The Reality of Advertisements


Popular culture would not be the way it is now without commercials and the advertisement industry. Let’s face it, the advertisement industry is huge, and it makes its money off of the beliefs and values that are established as valuable by popular culture. Advertisements and advertisers have had a trend toward making the consumer not have as much control on their privacy, especially while being online. In the article, “Advertising Gets Personal,” the author, Samuel Greengard, makes it a point to show how exposed consumers really are when they go looking online at different websites. He does this by introducing a very intrusive thing called a “cookie.” Since most websites now have cookies to gather information about the person, advertisers have the potential to make much more money because they will have tailored their advertising to the right consumer. But that is not all, advertisers for products do not just simply say, “This product is good because it works better than all the other products,” or anything rational along those lines.
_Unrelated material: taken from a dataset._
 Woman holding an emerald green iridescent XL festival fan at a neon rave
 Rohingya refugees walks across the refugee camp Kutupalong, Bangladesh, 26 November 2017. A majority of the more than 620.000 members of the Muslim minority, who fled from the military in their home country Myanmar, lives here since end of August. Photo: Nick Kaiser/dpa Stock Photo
Instead advertisers decide to focus on showing images that are not necessarily accurate of how a product will make you feel. For example, Coca Cola commercials always show that people are happy and friendlier when they drink Coca Cola. Is this really true? Obviously not, to be happy and friendly is an individual’s choice, not an influence of a very fizzy, dark colored beverage. But this shows how advertisers use ideas, beliefs, or notions of pleasure to sell us on the product. In some ways we become mentally dependent on the product to make us feel a certain way because we now have that product. This is a very harmful way to go about reinforcing stereotypes and status quos. I do not think there is ever a time when a person can look at an advertisement and that advertisement is not selling notions with their product.

1 comment:

  1. I think an advertisers objective is to make the consumer FEEL they do not have as much control on their privacy then they actually do. The use of all the incomprehensible writing and detail in privacy policies and some advertisements themselves are proof of that. Marketers stay so incognito with the way they handle consumers worries about their rights, which is another reason why I think consumers fear for their privacy.I completely agree with your statement about there being an advertisement that is not selling a notion alongside the product. Can't sell the blow dryer without selling the woman who has luxurious long silky free flowing hair (we know that blow dryer wont give us that hair!)